Definition: Transformer component that processes input sequence bidirectionally to create contextualized representations.

Components:

  • Self-attention
  • Feed-forward network
  • Layer normalization
  • Residual connections

Use Cases:

  • BERT-style models
  • Encoder-decoder architectures
  • Classification tasks

[Chapter 6] → Transformer, Decoder, Self-Attention


F

Feed-Forward Network (FFN)

Definition: Multi-layer perceptron applied position-wise in transformer blocks.

Architecture:

FFN(x) = max(0, xW₁ + b₁)W₂ + b₂

Typical Dimensions:

  • Input/output: d_model
  • Hidden: 4 * d_model (standard)
  • TRM: 2 * d_model (more efficient)

Purpose:

  • Add non-linearity
  • Increase model capacity
  • Process each position independently

[Chapter 6] → Transformer, MLP, Activation Function


Fine-Tuning

Definition: Adapting a pre-trained model to a specific task by continuing training on task-specific data.

Types:

  • Full fine-tuning: Update all parameters
  • Parameter-efficient: Update small subset (LoRA, adapters)
  • Prompt tuning: Only update soft prompts

For TRMs: Essential for domain adaptation while maintaining efficiency.
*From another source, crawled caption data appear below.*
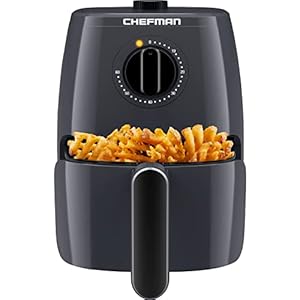 Chefman TurboFry 2-Quart Air Fryer, Dishwasher Safe Basket & Tray, Use Little to No Oil For Healthy Food, 60 Minute Timer, Fry Healthier Meals Fast, Heat And Power Indicator Light, Temp Control, Grey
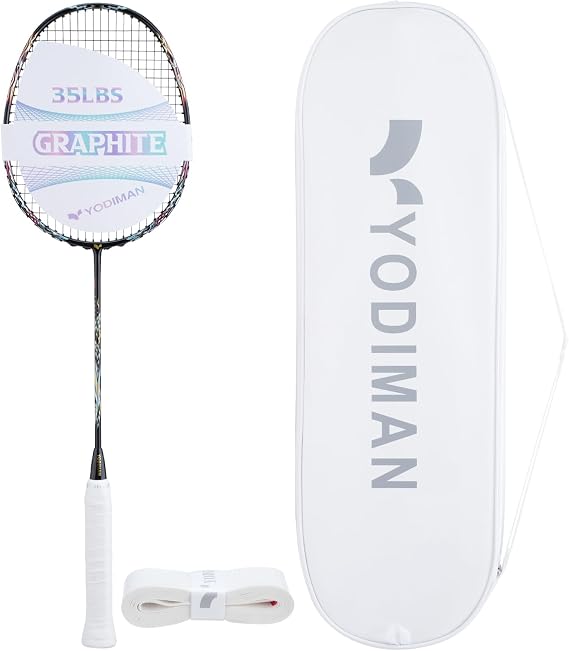 Professional Badminton Racket - Carbon Graphite & Carbon Fibre, Ultra-Light Single Racket for Enhanced Performance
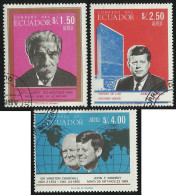 Ecuador A- 457/59 1967 Churchill Kennedy Albert Schweitzer Usados - Equateur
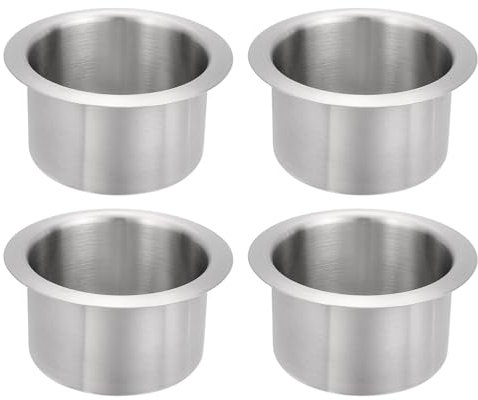 QUARKZMAN 4 Stück 201 Edelstahl Drop-in Becher, 2,17 x 4,2 Getränkedosenhalter Pokertisch Becherhalter Einsatz für Sofa Boot Auto Marine, Silber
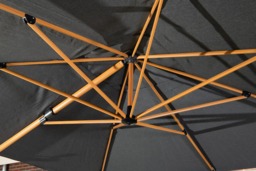 Rackhams Hawaii Deluxe 300cm x 300cm Teak Effect Pole Square Cantilever Parasol with 90kg Moveable Granite Base - thumbnail 2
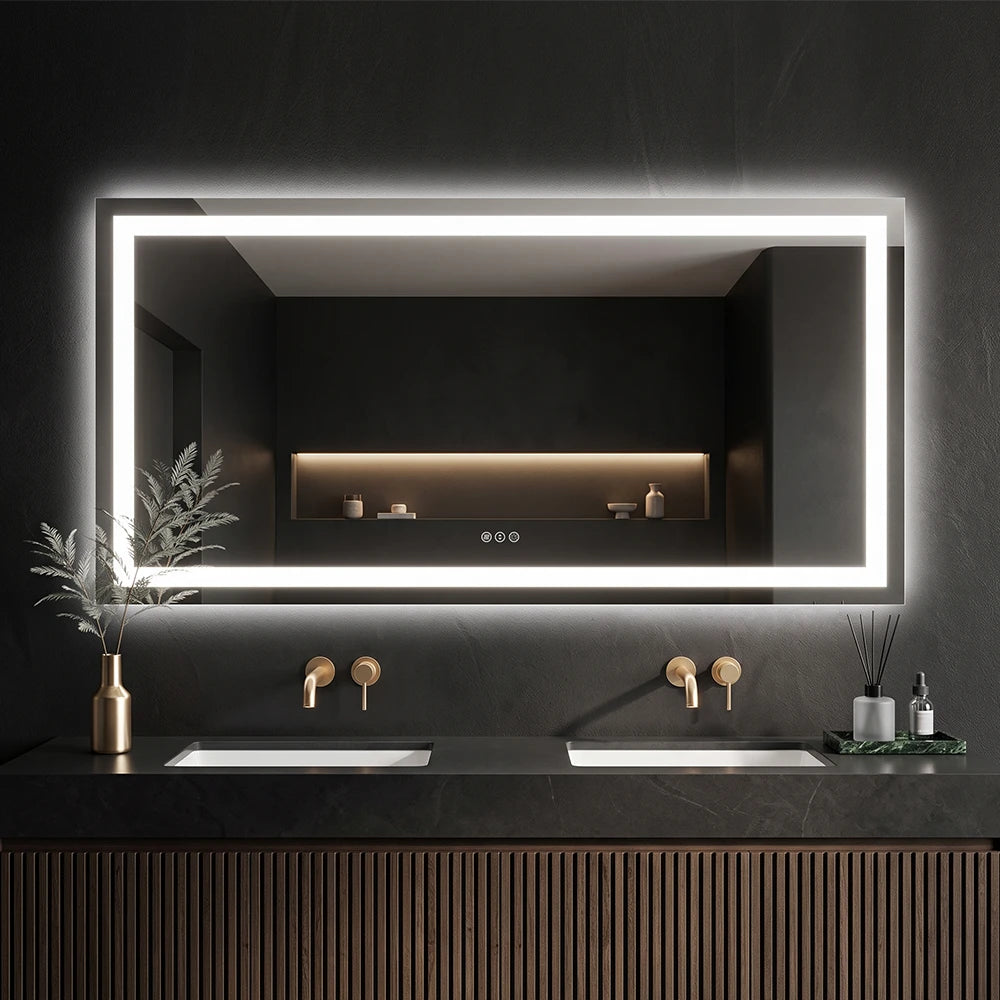 LED Bathroom Mirror with Anti-Fog, Front & Back Lighting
[Chapter 16] → Transfer Learning, LoRA, Adapters


G

Gradient

Definition: Vector of partial derivatives indicating direction and magnitude of steepest increase in loss.

Formula:

∇L = [∂L/∂θ₁, ∂L/∂θ₂, ..., ∂L/∂θₙ]

Uses:

  • Parameter updates: θ_new = θ_old - α * ∇L
  • Indicates how to reduce loss

Challenges:

  • Vanishing gradients: Become too small
  • Exploding gradients: Become too large

[Chapter 2] → Backpropagation, Optimizer, Training


Gradient Clipping

Definition: Technique to prevent exploding gradients by capping gradient magnitude.

Methods:

  • By value: Clip each gradient component
  • By norm: Scale entire gradient vector

Formula (by norm):

if ||g|| > threshold:
    g = g * (threshold / ||g||)

Essential for: Training small models, RNNs, transformers.
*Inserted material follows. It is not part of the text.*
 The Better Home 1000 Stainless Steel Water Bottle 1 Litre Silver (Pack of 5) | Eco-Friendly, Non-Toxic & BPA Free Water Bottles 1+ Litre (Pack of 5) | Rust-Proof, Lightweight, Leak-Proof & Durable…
[Chapter 10] → Training Stability, Gradient, Optimization


GPT (Generative Pre-trained Transformer)

Definition: Decoder-only transformer trained autoregressively for causal language modeling.

Architecture:

  • Masked self-attention
  • No encoder
  • Autoregressive generation

Variants: GPT-2, GPT-3, GPT-4

Relevance to TRMs: TRMs often use GPT-style architecture with parameter sharing.
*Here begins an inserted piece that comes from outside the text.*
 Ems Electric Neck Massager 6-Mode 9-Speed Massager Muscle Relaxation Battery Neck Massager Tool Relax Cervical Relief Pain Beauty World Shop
[Chapter 6, 7] → Causal LM, Transformer, Decoder


H

Hidden State

Definition: Internal representation of input at intermediate layers of a neural network.

Properties:

  • Captures learned features
  • Dimension typically 256-4096
  • Can be interpreted or visualized

Uses:

  • Feed into next layer
  • Task-specific prediction heads
  • Feature extraction

[Chapter 1, 4] → RNN, LSTM, Representation


Hyperparameter

Definition: Configuration value set before training (not learned from data).

Examples:

  • Learning rate
  • Batch size
  • Number of layers
  • Hidden dimension
  • Dropout rate

Tuning: Essential for model performance. See Hyperparameter Guide.

[Chapter 2, 10] → Training, Optimization


I

Inference

Definition: Using a trained model to make predictions on new data.

Phases:

  1. Load model weights
  2. Process input
  3. Forward pass
  4. Generate output

Optimization:

  • Quantization
  • Pruning
  • KV-cache
  • Batch processing

[Chapter 12, 23] → Generation, Deployment, Serving


K

Key

Definition: In attention mechanism, the representation used to match against queries.

Computation: K = XW_K

Role: Determines what information is relevant to each query.

[Chapter 5] → Attention, Query, Value


Knowledge Distillation

→ See Distillation


KV-Cache

Definition: Optimization technique that stores previously computed key and value vectors during autoregressive generation.

Why Needed:

  • Autoregressive generation recomputes attention for all previous tokens
  • Caching avoids redundant computation

Memory Trade-off:

  • Speeds up generation significantly
  • Increases memory usage: O(n * d_model)

[Chapter 12] → Generation, Inference, Optimization


L

Layer Normalization

Definition: Normalization technique that normalizes across feature dimension for each example.

Formula:

x_norm = (x - μ_layer) / √(σ_layer² + ε)
x_out = γ * x_norm + β

Advantages over Batch Norm:

  • Works with batch size = 1
  • No train/test discrepancy
  • Better for sequences

Standard in: Transformers, TRMs

[Chapter 6] → Normalization, Training Stability


Learning Rate

Definition: Hyperparameter controlling size of parameter updates during training.

Formula: θ_new = θ_old - lr * gradient

Typical Values: 1e-5 to 1e-2

Scheduling:

  • Constant
  • Warmup then decay
  • Cosine annealing
  • Cyclical

Critical for: Training stability and convergence.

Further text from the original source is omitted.